NVMe upgrade, Poor Speed

Software-based VM-centric and flash-friendly VM storage + free version

Moderators: anton (staff), art (staff), Max (staff), Anatoly (staff)

Post Reply
chell
Posts: 48
Joined: Mon Dec 11, 2017 1:19 am

Tue Mar 19, 2024 8:32 am

Hi All

I'm getting usual speed test results when replication is enabled. I assume that I have something wrong with my configuration that’s not as noticeable when you’re using mechanical drives.

I have two intel servers with Dual Xeon 4110 silver CPU’s, 192GB Ram and four Micron NVMe U.3 drives. Running Windows server 2016.
Using crystal disk mark. Each Micron NVMe drive reports 3309 MB/s Read and 3486 MB/s Write sequential. 1677 MB/s Read and 1322 MB/s write, 4K Random. The drives can go faster, it’s the servers that are holding them back.

Using an iSCSI to 127.0.0.1 and no cache, the star wind drive runs at about 2/3 of the speed above for sequential and 1/5 for random.
I added another iSCSI session to 127.0.0.1 and got that speed up to 3098 MB/s Read and 1382MB/s Write sequential. 799 MB/s Read and 427 MB/s Write 4K Random, still with no Cache. With write back cache, I got 4028 MB/s Read and 3222MB/s Write sequential. 761 MB/s Read and 446 MB/s write, 4K Random.

The problem is when the star wind drive is converted to a high availability device, the write speed drops through the floor. Using two hosts and a single micron NVMe drive each.
Just using the two iscsi sessions to 127.0.0.1 used in the previous test. The best I could get is 6689 MB/s Read and 628MB/s Write sequential. 1103 MB/s Read and 323 MB/s write, 4K Random using write back cache. I have tried different combinations of cache and iscsi connections to one host or both hosts. In short, the read speed is affected by different configurations, but the write speeds are always in the 300-630MB/s range. I tried using 4 x micron NVME’s on each host in a raid 0. I still got similar results.

To make things worse, I found that adding the drive to windows cluster shared volumes results in the read speed on the node that doesn’t have ownership drops to 1/10 of the speed of the volume owner. Owner node achieves 6689 MB/s Read and 628MB/s Write sequential. Non-Owner node is around 668 MB/s Read and 628MB/s Write sequential. Changing the ownership of the volume results in the new owner reading at the full speed and the former owner dropping to 1/10 speed.
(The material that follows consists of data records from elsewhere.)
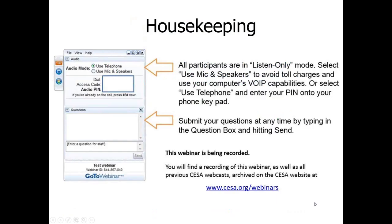To begin with, I'd like to go over a few housekeeping notes. All of our participants today will be in listen-only mode, which means you can hear us but we can't hear you. You can connect to the audio using your computer, mic, and speakers, or using a headset, or you can listen in via telephone. We suggest using your computer to avoid telephone charges, but if you're listening by phone, please enter the audio pin into your telephone keypad.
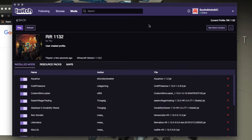Hello everybody, it's Scott Omato, and in this video I'm going to show you how to adjust your memory settings for Minecraft to get the best use of it, especially when playing mod packs. These modern mod packs you definitely have to adjust your memory because you have to use quite a bit, and some of them require up to around 8 gigs.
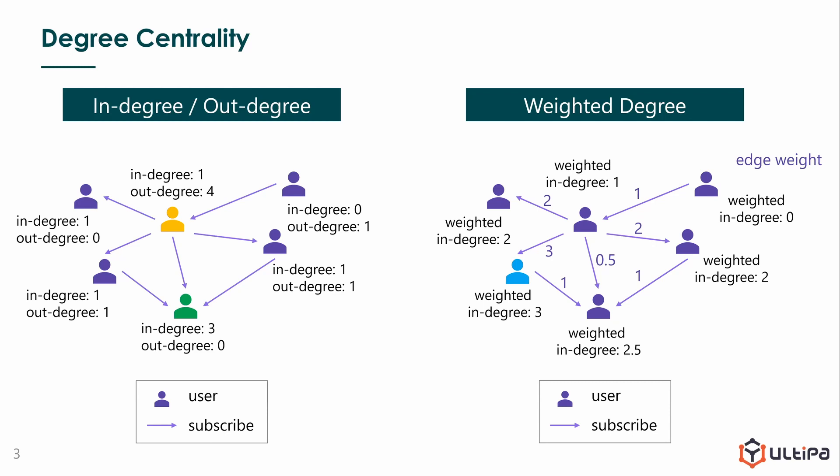As we said, degree centrality is very fundamental. It's an independent algorithm, and you will find it's frequently used as part of some advanced algorithms too.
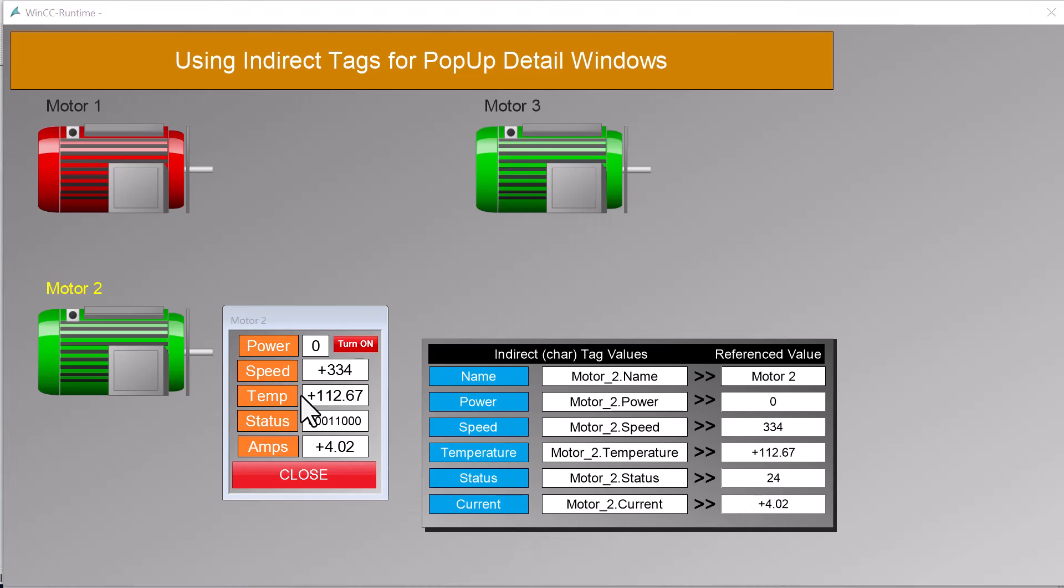So that's basically how indirect addressing works. Basically, we're just writing in the names of tags that we want to see on our interfaces into a string tag.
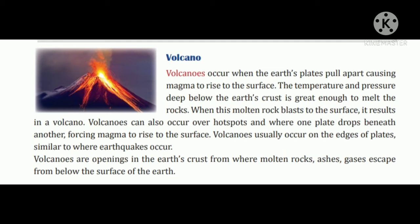Volcanoes hot spot par bhi ho sakta hai, aur jahaan ek plate doosre se neeche girti hai, jisse magma satha par badh jaata hai. Volcanoes jyadatar platon ke kinaaron par hota hai. Volcanoes earth crust mein open hote hain, jahaan molten rock, ashes means rock aur gases, earth ke surface ke neeche se nikal jaate hain.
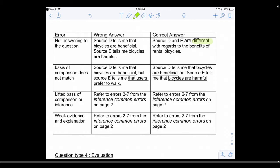Second common error: the comparison does not match. This happens when your inference is too long — two to three sentences — and the topic drifts. For example, the wrong answer: 'D tells me it is beneficial but E tells me that users prefer to walk.' One is talking about bicycles, the other about users — the main characters are different, making it an invalid comparison. You will only get two marks. The correct version: 'D tells me bicycles are beneficial but E tells me bicycles are harmful' — both about bicycles, with a direct contrast.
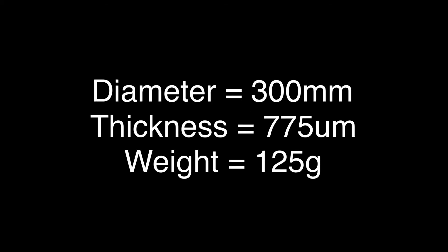Typically, the wafer is 300mm. It is 300mm diameter with 775 micrometers thickness and weighs 125 grams before wafer backgrinding. The final wafer thickness after wafer backgrinding differs by device type.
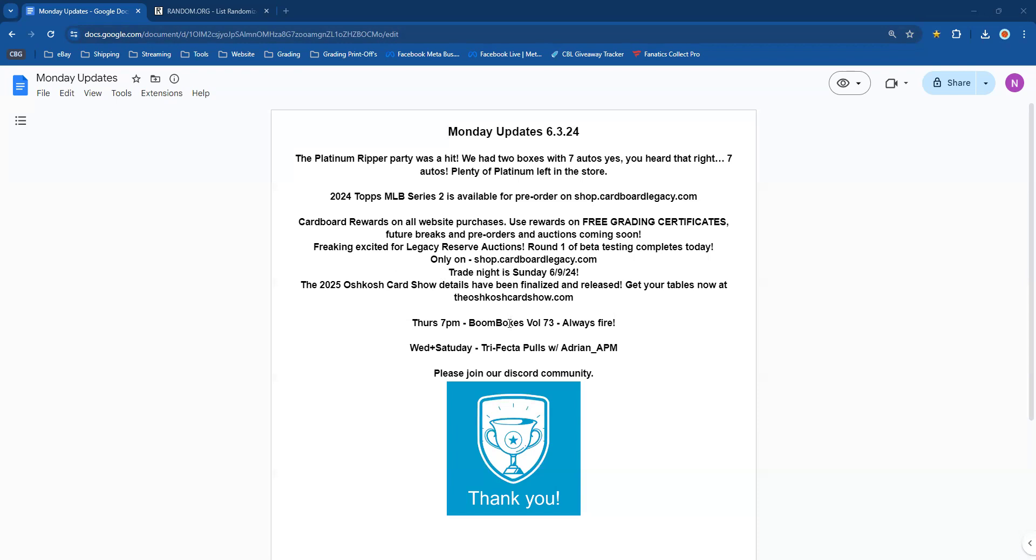Check out all the details for that at theoshkoshcardshow.com. Thursday night, 7 p.m., Boom Boxes Volume 73. Doesn't have a title, doesn't really even need one. You know it's fire, it's always fire. Join us, come along on this mystery box movie, you won't want to miss that. And then Wednesdays and Saturdays, we've got Trifecta Legacy Pulls with Adrian APM.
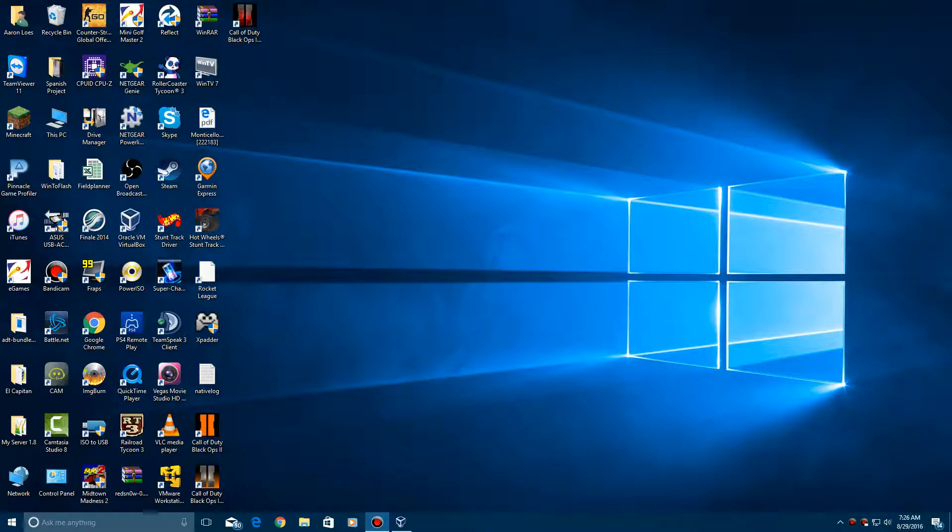Hey YouTube, this is EverythingEpan here, and today I'm going to do a video tutorial on how to install Windows 3.1 codename Janus, build number 26, in VirtualBox or VMware. This was part of the beta of Windows 3.1.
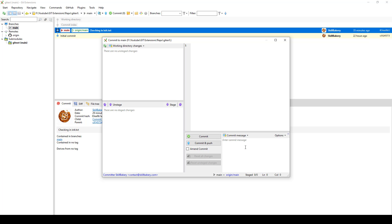Once you do that, the commit change that you have mentioned along with a comment is stored locally, and now you need to push it. That's why we have 'Commit and Push' together — you enter the message, then say push. When you say push, it basically takes this file and merges it with the online repository that we have created on GitHub.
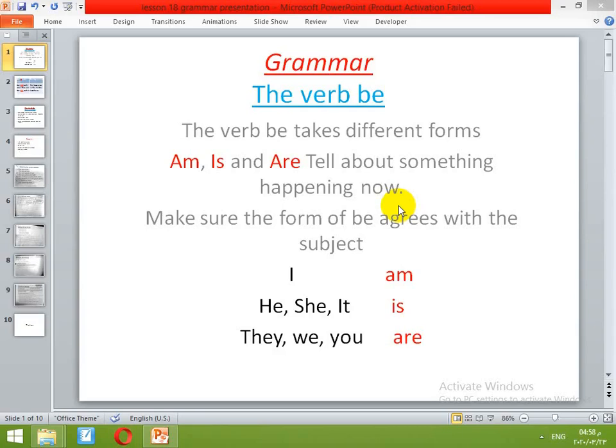Good morning, Grade 2. We're going to have Lesson 18, Grammar: The Verb Be. Do you remember what the verb be is? The verb be takes different forms. We're going to take verb be in the present time and in the past.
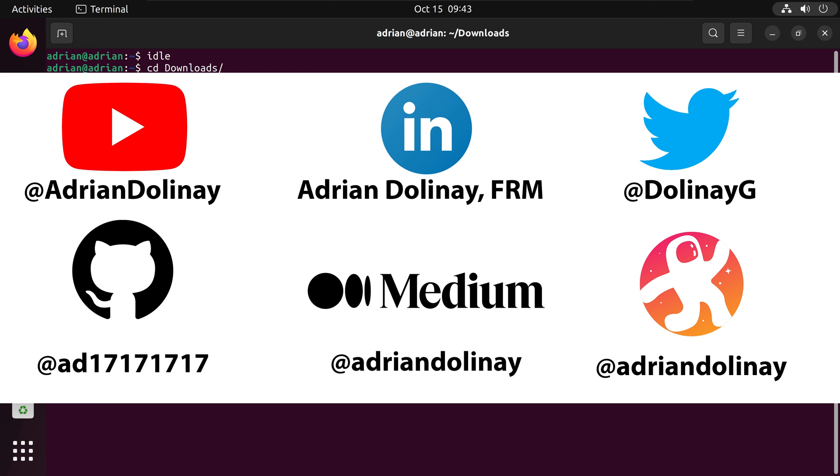Thanks everyone for watching. I hope that this video was helpful. If you found the video helpful, feel free to like and subscribe. You can also connect with me on LinkedIn, Twitter, GitHub, Medium, and Odysee. Thanks again everyone for watching, and happy coding.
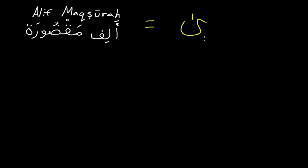So this just makes the sound of a normal alif. So it's not a ya, but it just looks like one. You also notice that they never put the dots under it. So an example of this is the word a'la.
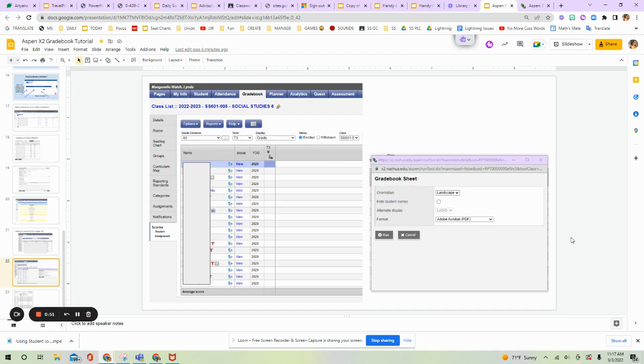This box will open. You're going to want to change your orientation from Landscape to Portrait, and then the Adobe Acrobat format is fine, and you're going to click Run.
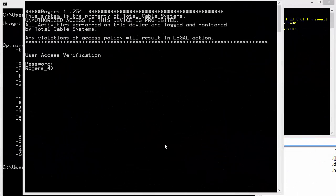Good day, it's Tony Fortunato from the technology firm. Today we are going to look at ping and some of the ping options from various types of operating systems.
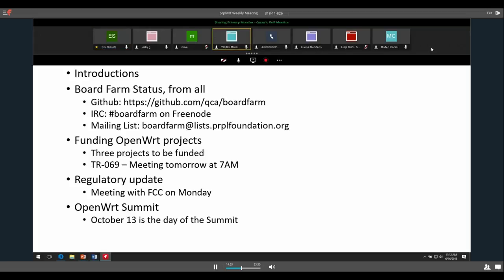Awesome. The GitHub is there, we have some open pull requests that need to get fixed. We have one board running, and once I find more time I'll be adding more donated boards. We certainly appreciate if there's OpenWRT support for devices from a Prpl member — we're happy to add that and build out this official testing platform. Anything else related to board farm?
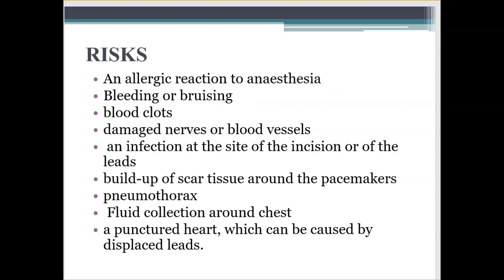Risks of pacemaker implantation include an allergic reaction to anesthesia, bleeding or bruising, blood clot formation, damaged nerves or blood vessels, infection at the site of incision or of the leads, buildup of scar tissue around the pacemaker, formation of pneumothorax, fluid collection around the chest, and a punctured heart which can be caused by displaced leads.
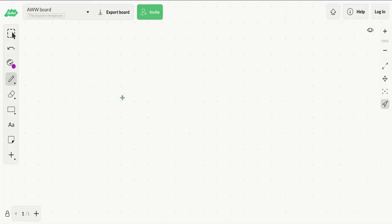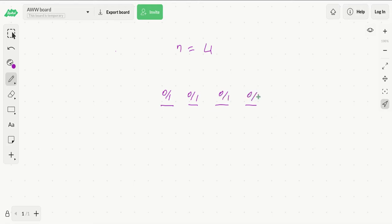So basically this is our problem. Let's see an example: if n is equal to 4, we would have 4 bits. Each of these bits can be either 0 or 1. So basically we have two options for each bit, and all these bits are independent — the value at one bit does not affect the value at any other bit. So in order to find all possibilities, we just have to multiply this.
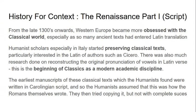For context: from the late 1300s onward, Western Europe became increasingly obsessed with the classical world, especially as ancient texts entered Latin translation through contacts with the Arab world brought about by the Crusades. Humanist scholars, especially in Italy, started to preserve classical texts and were particularly interested in the Latin of authors such as Cicero. They did a lot of work reconstructing the original vowel lengths in Latin verse, which could distinguish words like 'annus' (ring) versus 'anus' (old lady).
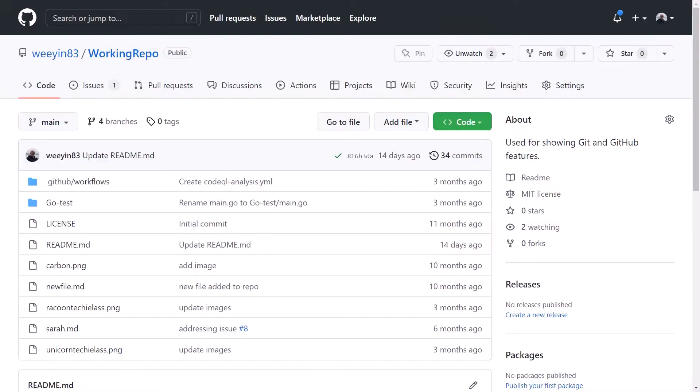So what I want to do is show you in this video how you can actually delete branches inside GitHub. Let's dive in and I'll show you how to do that.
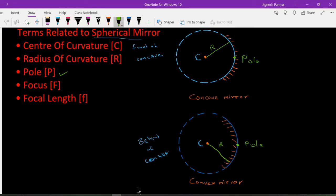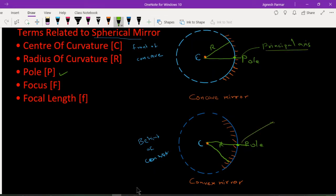Next is the principal axis. When we draw an imaginary line passing through the center of curvature C and the pole P, that line is called the principal axis. The distance between P and C is the radius of curvature, and the straight line passing through both is called the principal axis.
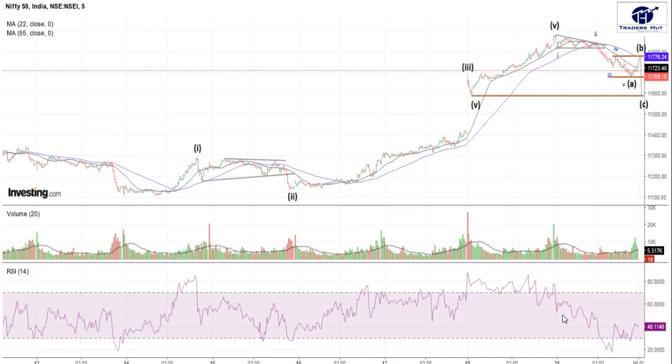Though the internal structure of the charts hints a clear five-wave advance in this relentless rally, as shown in the charts. After hitting a top of 11,883, a corrective decline has started in the form of a probable zigzag for the Nifty.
Can anyone shed some light?
Much appreciated.
yaroslav (staff)
Staff
Posts: 2361
Joined: Mon Nov 18, 2019 11:11 am

Tue Mar 19, 2024 10:37 am

First, thanks for your post.
I assume that I have something wrong with my configuration that’s not as noticeable when you’re using mechanical drives.
Nope. There's just iSCSI thing :)
1 session cannot reach the disk performance. For HDDs, it can. For SSDs, you need AT LEAST 2x loopback sessions and 2x partner sessions. To go even further, try different MPIO where one type of connections (e.g., only local or partner) are preferred.
That's why I can't wait for NVMe-oF to get into the StarWind CVM.
Using crystal disk mark. Each Micron NVMe drive reports 3309 MB/s Read and 3486 MB/s Write sequential. 1677 MB/s Read and 1322 MB/s write, 4K Random. The drives can go faster, it’s the servers that are holding them back.
Do you have those disks in the RAID or do you have them exposed to StarWind HA volumes as individual volumes?
First of all, Crystal Disk is not the best software to test, well, anything. Parameters are quite limited, QueueDepth is just as well. Too little knobs to tweak to squeeze maximum performance out of anything.
Try ATTO, FIO, or Diskspeed. See the methodology and best practices https://www.starwindsoftware.com/best-p ... practices/.
To make things worse, I found that adding the drive to windows cluster shared volumes results in the read speed on the node that doesn’t have ownership drops to 1/10 of the speed of the volume owner.
Yes, CSVFS eats up some of the performance, but typically it is up to 20% of the performance. Ownership might also do so, but generally that is impacted by
1. Networks. If they are a bottleneck, CSV ownership impacts performance.
2. Filesystem. From my experience, ReFS kills performance unless it is Storage Spaces. Try NTFS here.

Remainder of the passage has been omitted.